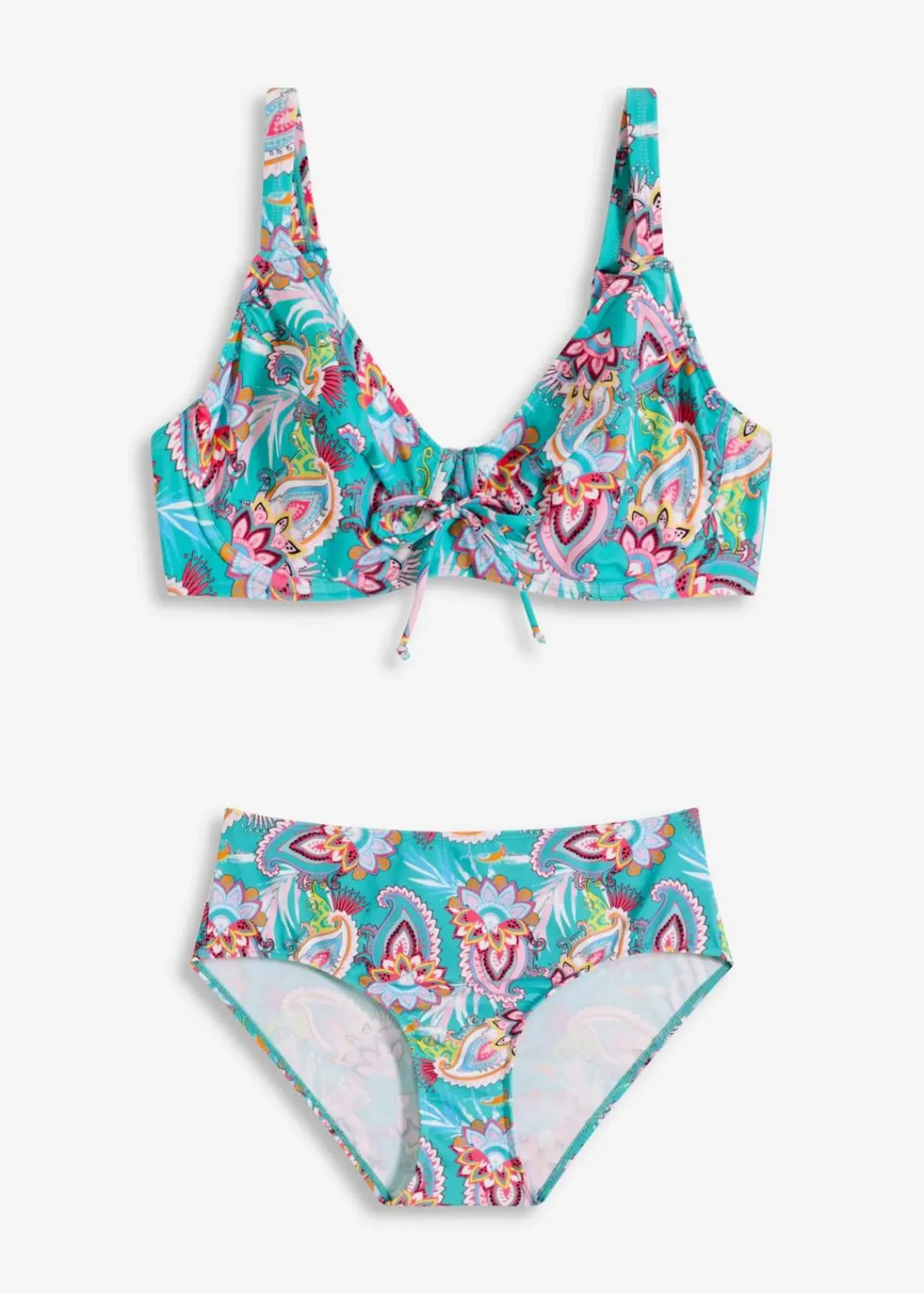 bonprix Nachhaltigere Materialien|Bademode·Bikinis^Minimizer Bügel Bikini (2-tlg. Set) türkis paisley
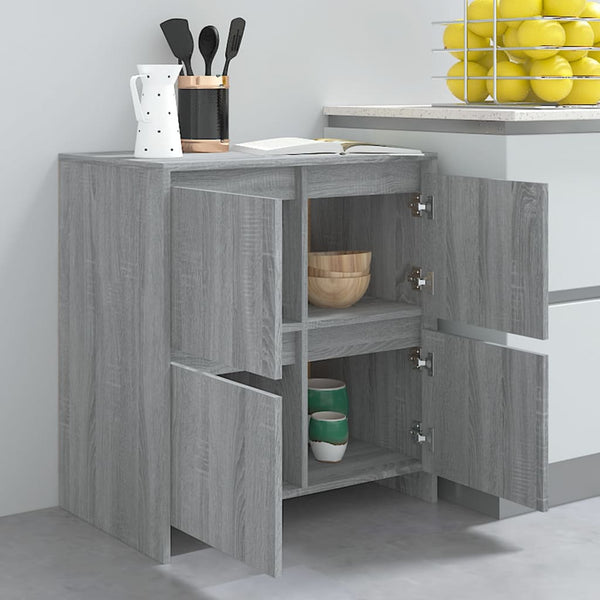Graues Sideboard Scantei 70x41x75cm (2 Stück Holz)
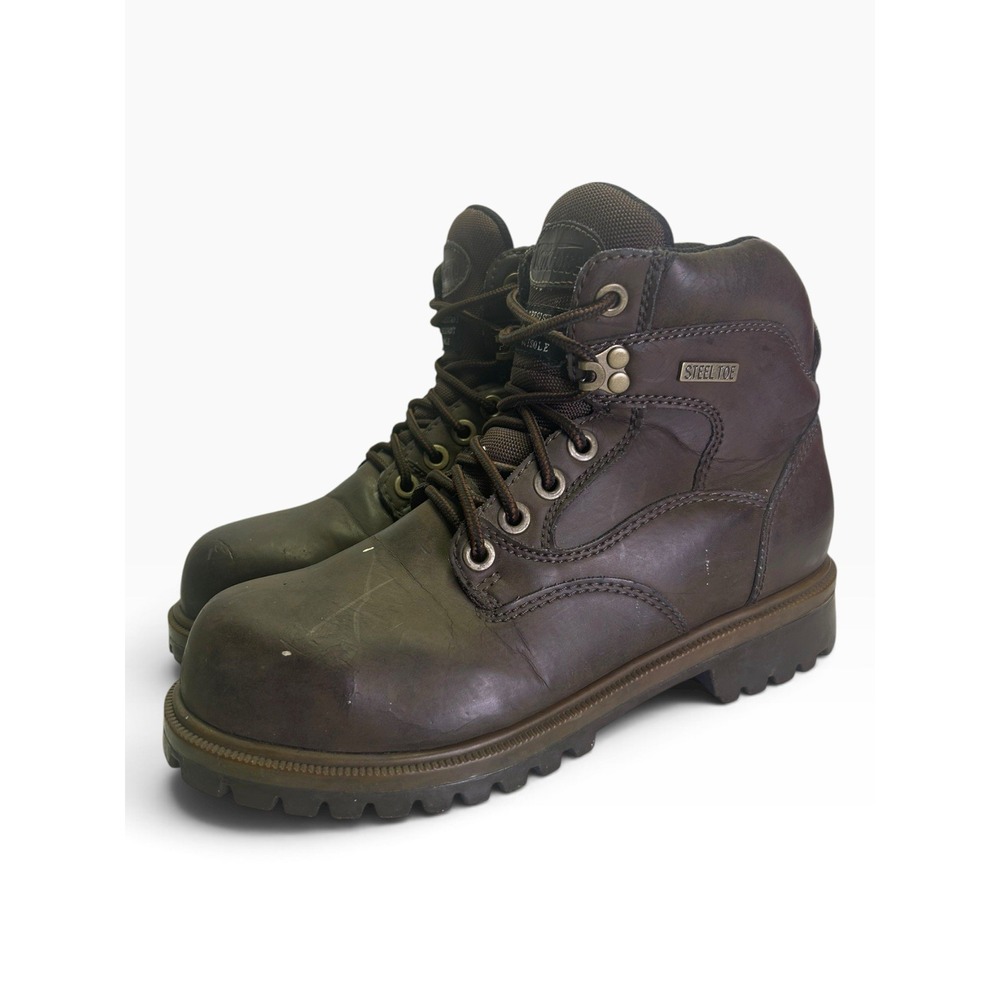 Workforce Men's 7.5 Brown Leather Steel Toe Industrial Work Boots Oil Resistant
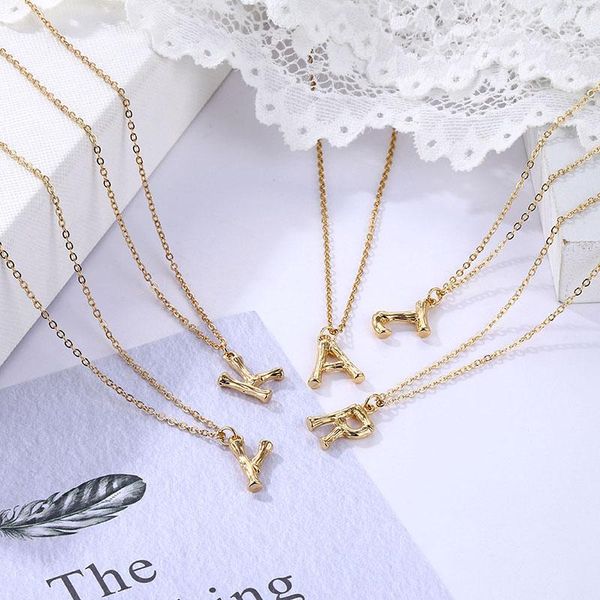 

pendant necklaces en women gold alloy 26 letters alphabet a-z minimalist initial necklace fashion twist chain neck jewelry, Silver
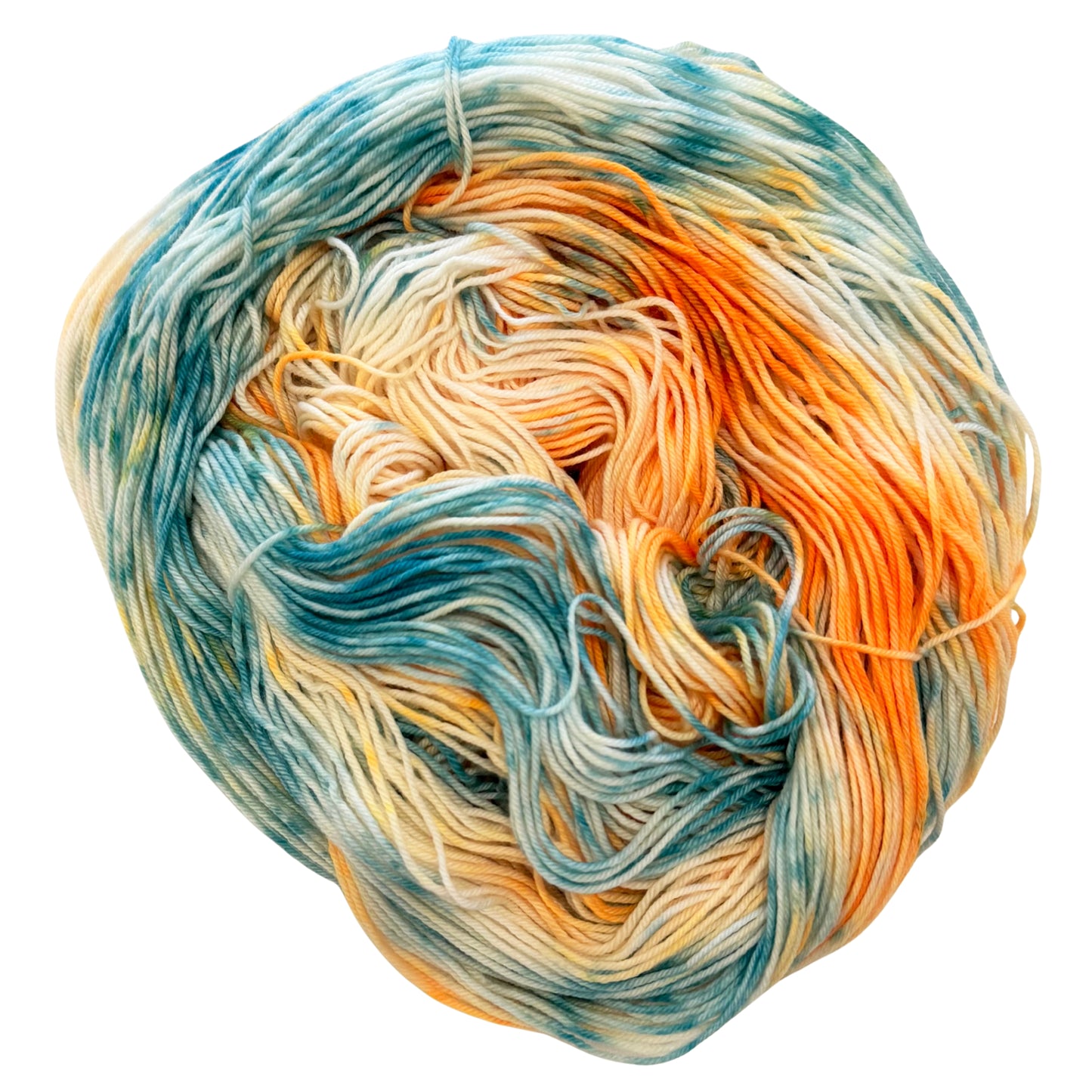 Hand-dyed fingering weight yarn in soft aqua, teal, golden orange, and cream with fluid variegated movement inspired by koi fish.
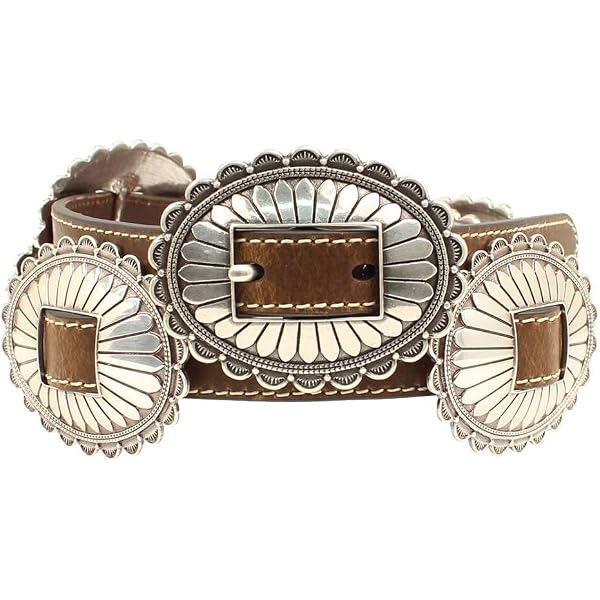 AXESORIA Western Oval Floral Concho Belt hand painted tooled  display picture 1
★ ★ ★
WORK REQUEST:
Only the words belong in your copy: restate the data above exactly and leave the images out.

RESULT OF THIS EXERCISE:
 bonprix Nachhaltigere Materialien|Bademode·Bikinis^Minimizer Bügel Bikini (2-tlg. Set) türkis paisley
Graues Sideboard Scantei 70x41x75cm (2 Stück Holz)
 Workforce Men's 7.5 Brown Leather Steel Toe Industrial Work Boots Oil Resistant

pendant necklaces en women gold alloy 26 letters alphabet a-z minimalist initial necklace fashion twist chain neck jewelry, Silver
 Hand-dyed fingering weight yarn in soft aqua, teal, golden orange, and cream with fluid variegated movement inspired by koi fish.
 AXESORIA Western Oval Floral Concho Belt hand painted tooled  display picture 1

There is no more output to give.